Obama Directive Called "Sea Change" for Scientific Integrity

Jeff tries to explain how government works to readers of Science.

President Barack Obama's directive today to his science adviser to "restore scientific integrity to government decision-making" is a culmination of a long campaign by science advocacy groups against the policies of the Bush Administration. None of them was more active than the Union of Concerned Scientists, which produced its first report on "the politicization of science" in 2004 and which helped make scientific integrity an issue during the 2008 presidential campaign.

The issue was never partisan, insists Kurt Gottfried, chair of UCS and a physicist at Cornell University. "We took for granted that there was a code of behavior under which science operates, but what we've seen for the past 8 years is a breaking of that unwritten code," he told ScienceInsider. "Even his father [George H. W. Bush] ran a very clean shop. There have always been problems, but it was never systematic until the [George W.] Bush Administration."
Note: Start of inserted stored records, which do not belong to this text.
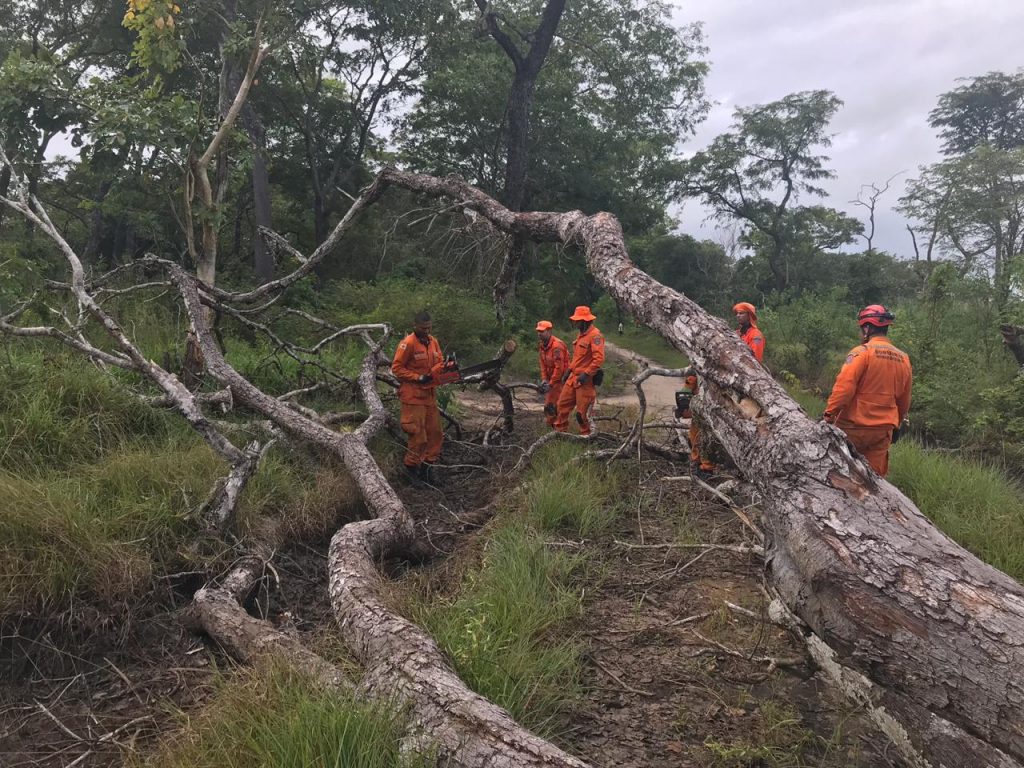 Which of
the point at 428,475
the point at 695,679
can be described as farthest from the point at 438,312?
the point at 695,679

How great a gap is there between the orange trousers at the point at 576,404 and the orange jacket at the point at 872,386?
2563 millimetres

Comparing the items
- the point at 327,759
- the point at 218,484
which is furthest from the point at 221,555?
the point at 327,759

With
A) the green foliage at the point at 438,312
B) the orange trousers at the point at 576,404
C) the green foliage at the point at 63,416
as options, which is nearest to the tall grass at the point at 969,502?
the orange trousers at the point at 576,404

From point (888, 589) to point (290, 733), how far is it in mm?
1753

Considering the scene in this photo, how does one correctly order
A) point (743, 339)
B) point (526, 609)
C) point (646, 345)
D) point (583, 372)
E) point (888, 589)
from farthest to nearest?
point (646, 345), point (583, 372), point (743, 339), point (526, 609), point (888, 589)

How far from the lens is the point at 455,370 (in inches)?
235

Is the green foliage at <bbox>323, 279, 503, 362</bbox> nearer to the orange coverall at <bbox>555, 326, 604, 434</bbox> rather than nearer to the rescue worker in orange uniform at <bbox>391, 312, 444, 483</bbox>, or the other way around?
the orange coverall at <bbox>555, 326, 604, 434</bbox>

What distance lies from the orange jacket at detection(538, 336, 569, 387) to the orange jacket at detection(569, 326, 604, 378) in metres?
0.46

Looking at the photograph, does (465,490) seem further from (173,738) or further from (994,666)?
(994,666)

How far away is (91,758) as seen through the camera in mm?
2404

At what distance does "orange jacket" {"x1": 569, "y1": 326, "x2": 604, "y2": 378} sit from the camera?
6547 mm

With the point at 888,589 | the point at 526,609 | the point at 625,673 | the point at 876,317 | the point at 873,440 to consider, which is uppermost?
the point at 876,317

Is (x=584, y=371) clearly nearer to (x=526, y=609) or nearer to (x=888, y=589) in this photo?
(x=526, y=609)

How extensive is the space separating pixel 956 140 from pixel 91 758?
2950 cm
Obama's directive that his Office of Science and Technology Policy draw up guidelines "to guarantee scientific integrity throughout the executive branch" is probably an overstatement, says Gottfried. "Nobody can guarantee such behavior," he says. "But it certainly sends a very clear message that the president expects scientific integrity to be upheld and that OSTP will be monitoring it closely. That's a sea change from the previous Administration."